Within the records that follow, find every line containing the string "Shirt". Copy those lines.

──────── Information given

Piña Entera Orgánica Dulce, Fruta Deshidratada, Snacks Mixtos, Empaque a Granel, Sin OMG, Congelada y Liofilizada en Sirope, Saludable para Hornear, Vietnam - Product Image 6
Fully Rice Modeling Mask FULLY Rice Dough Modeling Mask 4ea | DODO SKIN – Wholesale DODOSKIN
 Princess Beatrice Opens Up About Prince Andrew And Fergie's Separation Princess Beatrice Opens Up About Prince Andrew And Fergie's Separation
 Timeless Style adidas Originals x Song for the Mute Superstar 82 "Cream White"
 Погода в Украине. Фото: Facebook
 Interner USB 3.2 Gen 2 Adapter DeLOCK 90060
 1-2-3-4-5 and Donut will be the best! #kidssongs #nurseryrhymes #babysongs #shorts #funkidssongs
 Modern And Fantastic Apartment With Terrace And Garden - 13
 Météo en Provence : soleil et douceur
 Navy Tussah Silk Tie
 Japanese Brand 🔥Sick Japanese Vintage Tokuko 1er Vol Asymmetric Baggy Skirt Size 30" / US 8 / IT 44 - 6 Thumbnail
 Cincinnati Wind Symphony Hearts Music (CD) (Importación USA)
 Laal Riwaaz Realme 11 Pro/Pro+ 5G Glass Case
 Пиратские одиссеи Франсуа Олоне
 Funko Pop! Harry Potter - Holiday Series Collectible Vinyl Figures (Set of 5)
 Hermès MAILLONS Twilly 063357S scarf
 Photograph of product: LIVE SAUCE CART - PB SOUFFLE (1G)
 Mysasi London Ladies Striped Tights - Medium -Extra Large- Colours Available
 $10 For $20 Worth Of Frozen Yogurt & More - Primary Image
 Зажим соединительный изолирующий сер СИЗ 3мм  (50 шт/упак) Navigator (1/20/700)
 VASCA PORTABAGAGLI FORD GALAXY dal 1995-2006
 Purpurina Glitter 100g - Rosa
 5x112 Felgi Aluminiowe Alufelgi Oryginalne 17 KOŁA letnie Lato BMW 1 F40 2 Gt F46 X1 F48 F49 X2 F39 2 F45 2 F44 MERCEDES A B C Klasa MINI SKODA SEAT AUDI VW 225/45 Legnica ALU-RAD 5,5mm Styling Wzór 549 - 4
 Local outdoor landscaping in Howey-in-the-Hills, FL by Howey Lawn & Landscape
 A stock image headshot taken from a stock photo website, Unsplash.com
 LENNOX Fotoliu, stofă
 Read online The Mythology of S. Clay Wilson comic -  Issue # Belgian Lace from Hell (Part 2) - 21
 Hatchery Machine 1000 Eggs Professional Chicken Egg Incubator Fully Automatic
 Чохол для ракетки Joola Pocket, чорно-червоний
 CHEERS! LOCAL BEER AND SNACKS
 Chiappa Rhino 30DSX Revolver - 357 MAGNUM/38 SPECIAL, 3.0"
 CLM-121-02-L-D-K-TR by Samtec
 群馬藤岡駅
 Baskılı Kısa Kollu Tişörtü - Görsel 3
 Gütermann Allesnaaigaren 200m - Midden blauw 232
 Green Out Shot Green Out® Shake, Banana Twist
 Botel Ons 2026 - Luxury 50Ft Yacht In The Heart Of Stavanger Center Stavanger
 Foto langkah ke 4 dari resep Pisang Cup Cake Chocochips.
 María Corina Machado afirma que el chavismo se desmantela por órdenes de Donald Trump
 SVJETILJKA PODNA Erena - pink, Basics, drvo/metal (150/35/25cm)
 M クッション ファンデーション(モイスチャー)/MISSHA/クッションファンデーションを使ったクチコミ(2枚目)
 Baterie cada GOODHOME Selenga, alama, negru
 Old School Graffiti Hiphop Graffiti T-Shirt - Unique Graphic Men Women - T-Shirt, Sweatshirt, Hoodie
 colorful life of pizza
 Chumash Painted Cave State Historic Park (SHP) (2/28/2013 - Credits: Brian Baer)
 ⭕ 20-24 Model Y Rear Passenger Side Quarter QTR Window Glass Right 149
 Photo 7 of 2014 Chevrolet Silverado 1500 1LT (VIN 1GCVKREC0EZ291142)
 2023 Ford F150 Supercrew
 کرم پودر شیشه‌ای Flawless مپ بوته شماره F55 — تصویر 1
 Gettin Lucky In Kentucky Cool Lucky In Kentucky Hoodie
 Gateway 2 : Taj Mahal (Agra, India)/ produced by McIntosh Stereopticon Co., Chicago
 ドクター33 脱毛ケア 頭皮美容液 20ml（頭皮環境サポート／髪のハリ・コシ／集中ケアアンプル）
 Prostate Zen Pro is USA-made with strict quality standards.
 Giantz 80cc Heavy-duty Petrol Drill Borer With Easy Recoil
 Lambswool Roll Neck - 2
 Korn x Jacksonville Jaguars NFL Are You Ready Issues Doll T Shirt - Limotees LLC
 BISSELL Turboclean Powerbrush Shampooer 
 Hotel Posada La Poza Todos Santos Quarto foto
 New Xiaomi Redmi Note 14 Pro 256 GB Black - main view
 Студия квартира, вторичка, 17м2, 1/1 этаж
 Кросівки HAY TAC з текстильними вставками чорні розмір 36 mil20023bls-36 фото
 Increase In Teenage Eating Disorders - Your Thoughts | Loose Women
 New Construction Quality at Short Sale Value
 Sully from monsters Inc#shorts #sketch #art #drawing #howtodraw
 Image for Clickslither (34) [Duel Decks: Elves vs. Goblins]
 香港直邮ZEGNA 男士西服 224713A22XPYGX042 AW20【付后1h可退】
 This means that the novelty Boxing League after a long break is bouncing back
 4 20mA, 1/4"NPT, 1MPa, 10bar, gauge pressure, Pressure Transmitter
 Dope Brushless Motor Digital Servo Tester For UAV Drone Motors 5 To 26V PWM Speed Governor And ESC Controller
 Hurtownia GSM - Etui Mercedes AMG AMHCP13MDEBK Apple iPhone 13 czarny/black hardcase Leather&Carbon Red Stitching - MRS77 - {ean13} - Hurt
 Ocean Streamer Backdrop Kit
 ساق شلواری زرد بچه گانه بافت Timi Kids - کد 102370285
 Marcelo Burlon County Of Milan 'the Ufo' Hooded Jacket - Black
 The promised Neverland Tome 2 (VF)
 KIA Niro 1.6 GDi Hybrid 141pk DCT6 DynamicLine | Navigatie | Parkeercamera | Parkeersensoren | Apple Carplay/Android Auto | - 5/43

────────────────

*Solution to this task:*
 Old School Graffiti Hiphop Graffiti T-Shirt - Unique Graphic Men Women - T-Shirt, Sweatshirt, Hoodie
 Korn x Jacksonville Jaguars NFL Are You Ready Issues Doll T Shirt - Limotees LLC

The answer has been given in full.